L'armée, qui annonce chaque semaine des bilans humains aussi importants qu'invérifiables à ses opérations, a plusieurs fois annoncé que le groupe jihadiste était "aux abois". Le Mali en zone rouge
Dans le communiqué de mercredi, elle parle "d'actions désespérées des terroristes qui visent manifestement à faire des coups médiatiques pour masquer les pertes considérables qu'ils subissent depuis plusieurs mois". Mais la tension monte dans tout le pays. Mardi, le ministre des Affaires religieuses, des cultes et des coutumes a invité l'ensemble des confessions et associations religieuses à "des séances de prières et de bénédictions pour la paix et la stabilité au Mali". Mercredi, le gouverneur de la région de Douentza (centre) a interdit la circulation des véhicules de 18 heures à 7 heures du matin dans la ville de Douentza. En fin de semaine dernière, la direction de l'Aéroport du Mali avait annoncé un "renforcement des mesures de contrôle au niveau des check-point d'accès" à l'aéroport de Bamako, et "exhorté les usagers à réduire leur déplacement sur les lieux, sauf en cas de nécessité". Et la tension s'étend au-delà des frontières du Mali. Mercredi, le ministère des Affaires étrangères français a passé tout le territoire malien en "zone rouge", c'est-à-dire formellement déconseillée aux voyageurs, en raison du "risque d'attentats et d'enlèvement". Seule la capitale Bamako reste en zone orange, c'est-à-dire déconseillée sauf raison impérative.
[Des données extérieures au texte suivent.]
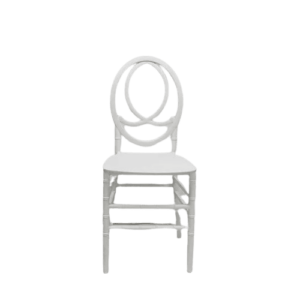 Phoenix Chair White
La visite de Jean-Pierre Lacroix, chef des missions de maintien de la paix de l'ONU au Mali se poursuit. Il a eu un important entretien, mardi 26 juillet, avec le ministre malien des Affaires étrangères, Abdoulaye Diop. Les deux personnalités ont abordé entre autres sujets le dernier renouvellement du mandat de la mission de l'ONU au Mali. Sur ce sujet comme sur d'autres, l'heure semble être à l'apaisement. L'ambiance de travail entre les deux délégations est jusque-là sans tension. Le chef des missions de maintien de la paix de l'ONU estime même que sur le dernier renouvellement du mandat de la Minusma, qui a fait grincer les dents à Bamako, il y a désormais des convergences de vue. « Les choses finalement convergent bien, car d'un côté, on a une dynamique positive et, de l'autre, nous avons ce travail que nous allons faire totalement en commun et nous en avons parlé longuement avec le ministre Abdoulaye Diop », a dit Jean-Pierre Lacroix, le chef des missions de maintien de la paix de l'ONU. Prenant à son tour la parole lors d'une conférence de presse commune, le ministre malien des Affaires étrangères a voulu rassurer son hôte. « Le Mali souhaite continuer à travailler avec les Nations Unies, a déclaré Abdoulaye Diop, ministre malien des Affaires étrangères. Ce que le Mali a souhaité, c'est que le travail puisse se faire dans le respect de la souveraineté du Mali ». Le dialogue avec l'ONU sera permanent, a ajouté le chef de la diplomatie malienne, qui joue également à l'apaisement sur un autre sujet, celui des 49 militaires ivoiriens arrêtés à Bamako, il y a environ deux semaines.